Da questo punto di vista non è per noi auspicabile che la Cina diventi una nazione egemone ma anzi è nel nostro interesse che il crescente nazionalismo cinese venga in qualche modo annacquato dai ben più miti consigli di chi vorrebbe una Cina democratica e pacifica nella quale si iniziasse a parlare in maniera concreta di diritti umani e di migliori condizioni di lavoro. La società cinese oggi si trova ad un bivio dal quale dovrà scegliere se intraprendere una politica aggressiva ed imperiale ai danni del prossimo oppure iniziare la lunga strada verso la democrazia e le libertà costituzionali. Purtroppo al momento i segnali che giungono da Pechino non sono incoraggianti anche se è bene sottolineare che la dirigenza cinese non si è per ora dimostrata in grado di sfruttare a suo favore la debolezza economica della finanza occidentale preferendo proseguire sulla ben collaudata strada del parziale isolamento finanziario internazionale.
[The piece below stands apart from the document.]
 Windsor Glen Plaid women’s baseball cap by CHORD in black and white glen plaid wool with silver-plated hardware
In base a queste conclusioni possiamo per ora dirci fortunati che il capitale cinese non abbia ancora invaso i nostri mercati perché il prezzo da pagare a Pechino in termini di libertà e democrazia sarebbe stato veramente troppo alto per noi e per le generazioni a venire. Secondo questa prospettiva chi suggeriva di “pregare” i cinesi affinché inondassero di liquidità l’Europa in affanno non assumeva un comportamento troppo diverso da quegli Ateniesi che aspettavano con trepidazione sulle mura di Atene l’arrivo dei persiani vincitori…
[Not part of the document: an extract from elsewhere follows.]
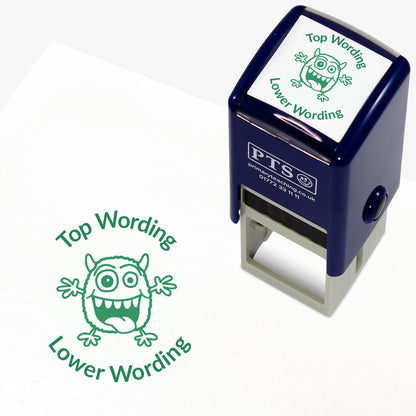 A 25mm round pre-inked teacher stamper with green ink, featuring a monster with it's arms open wide and it's mouth open, curving above the image is space for personalisation 'Top Wording' and curving below the image is space for personalisation 'Lower Wording' in a clear, bold font.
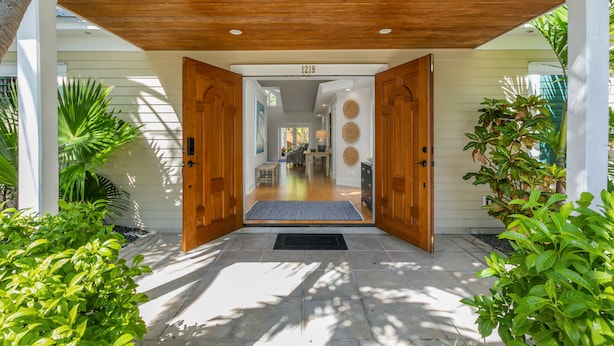 A wooden door with a number 1219 above it, leading to an interior space with a dining area and a kitchen visible through the doorway. - SOUTHERN CROSS ~ Conveniently Located 3 Bedroom, 2.5 Bathroom Gem w/ Pool (Key West)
In attesa che la situazione internazionale si chiarisca e che la storia faccia il suo corso l’Occidente dovrebbe innanzitutto rafforzare i propri rapporti con il subcontinente indiano che vive con apprensione le mire espansionistiche cinesi e che condivide con l’Europa una lunga storia comune ed il fondamento democratico del proprio vivere civile. La crisi economica che sta colpendo le esportazioni cinesi, derivata dalla crisi dei consumi occidentali, sta riproponendo in seno all’establishment cinese la necessità della creazione di un vasto mercato interno che, come preconizzava lo studioso americano Owen Lattimore nel 1952, potrebbe superare i confini cinesi ed irradiarsi su tutta l’Asia centrale (un antico sogno del “Celeste Impero”) fino a raggiungere i lembi più occidentali d’Europa attraverso la rete ferroviaria. Ovviamente una tale prospettiva di espansione sui mercati eurasiatici non preoccupa solo Mosca ma anche il governo di New Delhi pressato dai maoisti sia in Nepal (sul cui destino c’è un fattivo interessamento da parte del governo di Londra) che all’interno del territorio nazionale indiano.
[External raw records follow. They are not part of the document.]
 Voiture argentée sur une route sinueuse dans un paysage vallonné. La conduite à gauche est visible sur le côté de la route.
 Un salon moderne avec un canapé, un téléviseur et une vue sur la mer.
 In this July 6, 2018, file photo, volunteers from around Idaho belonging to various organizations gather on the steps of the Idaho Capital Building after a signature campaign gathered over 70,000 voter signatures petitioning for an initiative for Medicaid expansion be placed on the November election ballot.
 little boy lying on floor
L’India, in definitiva, potrebbe pertanto rappresentare la nostra vera ancora di salvezza in un’Asia sempre più pervasa da spinte dirompenti e in un’Europa nella quale la Germania, dimentica delle posizioni ufficiali espresse a livello comunitario, si preoccupa più di incrementare le proprie esportazioni verso la Cina piuttosto che adoperarsi per contribuire a trovare delle soluzioni all’attuale crisi finanziaria europea che potrebbe produrre, nonché richiamare, nuovi mostri della politica internazionale in seno al Vecchio Continente.